Chaos Engineering Observability: Q&A with Russ Miles

There’s a new O’Reilly ebook out, sponsored by the folks at Humio, about chaos engineering and observability.

Scaling up reporting on high-cardinality metrics

For those of you working on high-volume backend systems, you’ll like this article from the folks at Segment.

How We Prepared New York Times Engineering for the Midterm Elections

A great read about exactly what it sounds like.

How We Built an Automated Anomaly Detection System onto a Streaming Pipeline

A look under the hood of some interesting Salesforce engineering.

The Four Agreements of Incident Response

There’s some gems in here, but my personal favorite is this one: “Don’t litigate incident severity during the call. It’s a waste of time. By the time you’re done discussing whether it’s a SEV-1 or SEV-2, it will definitely have become a SEV-2. Best practice: If you can’t decide whether it’s a SEV-1 or SEV-2, always assume it’s the higher severity option and move on.”

How to Use InfluxDB’s Holt-Winters Function for Predictions

The final part in a three-part series on Holt-Winters predictive functionality in InfluxDB.

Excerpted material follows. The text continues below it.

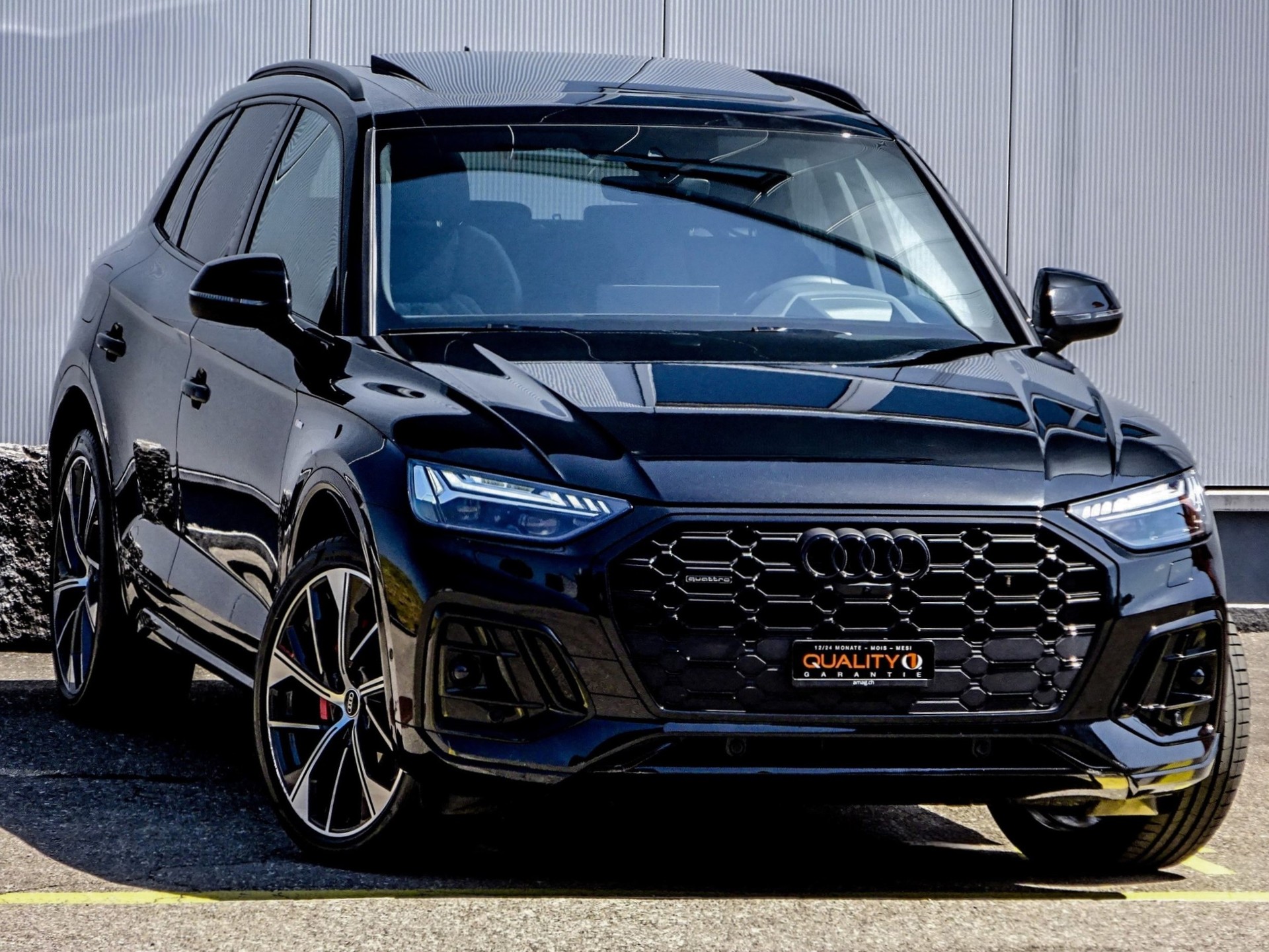 AUDI Q5 40 TDI Black Edition quattro S-tronic // CH-Fahrzeug // Herstellergarantie // COMPETITION // AHK 2400Kg....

Resilience Roundup - Learning From Organizational Incidents: Resilience Eng

From my good friend Thai’s Resilience Roundup: “In this study, a lot of employees said that the accidents happen anywhere from 0 to 5 times a year, but at the same time, almost everyone said that small accidents or incidents were happening all the time. The operators in this company had normalized risk to such a degree that things like getting burned or getting acid in their eyes counted to them as only a minor incident.”

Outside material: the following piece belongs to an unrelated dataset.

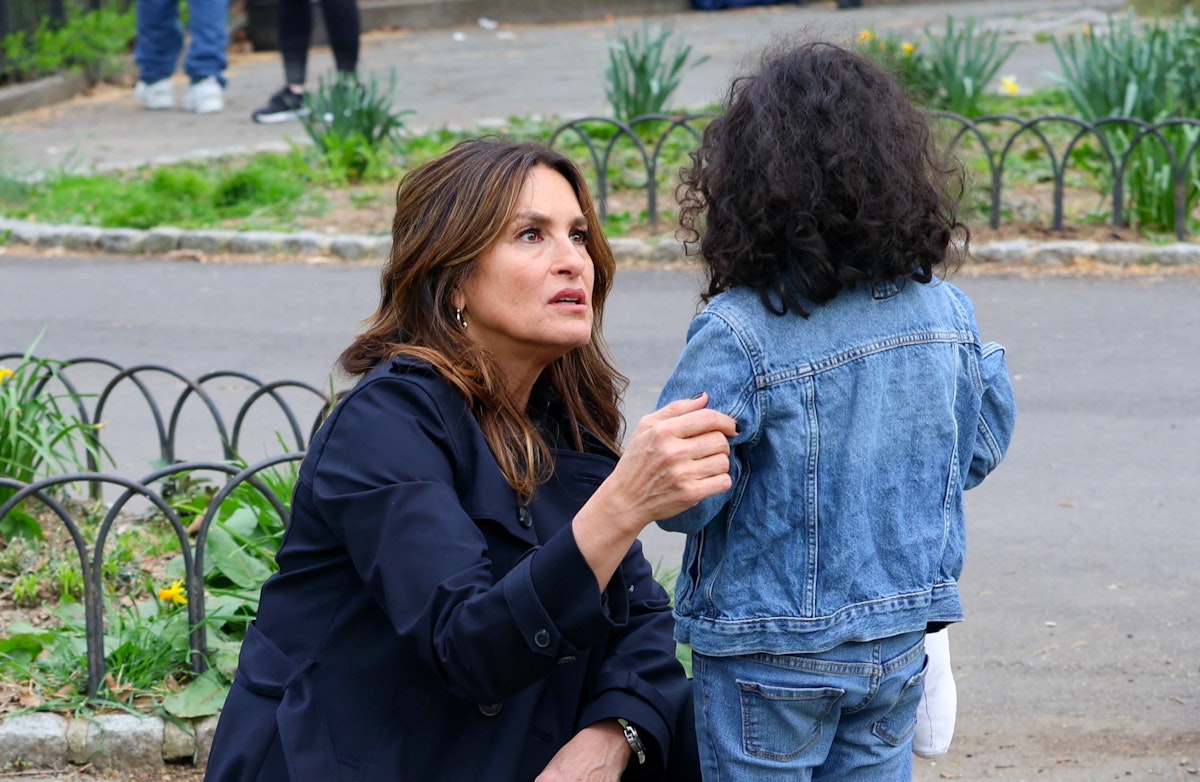 Featured image for Mariska Hargitay Assists Lost Girl Who Mistook Her for Real Cop on 'SVU' Set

John Allspaw on Twitter: “On Aug 1, 2012, a company named Knight Capital experienced a business-destroying incident. Much has been written about it, but that’s not the topic of this thread.

The story of Knight Capital is an interesting one (which you can read about here), and this thread by John Allspaw points out some hypocrisy/hindsight bias among the peanut gallery as it relates to both Knight Capital’s story and the NY Stock Exchange halting in 2015 for similar reasons.

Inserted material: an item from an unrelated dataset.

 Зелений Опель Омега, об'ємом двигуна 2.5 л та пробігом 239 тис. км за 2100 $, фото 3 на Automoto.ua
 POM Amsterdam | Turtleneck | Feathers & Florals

csabapalfi/awesome-web-performance-metrics: List of awesome web performance

A whole bunch of web performance metrics (and what they mean) and tools for collecting+analyzing them.

Open-sourcing UltraBrew Metrics, a Java library for instrumenting very large-scale applications

From the article, “UltraBrew Metrics can operate at millions of requests per second per JVM without measurably slowing the application down. We currently use the library to instrument multiple applications at Verizon Media, including one that uses this library 20+ million times per second on a single JVM.”

AWS Inter-Region Latency Monitoring

Someone had the great idea of set up nodes in a bunch of AWS regions and measuring latencies between them. Very cool.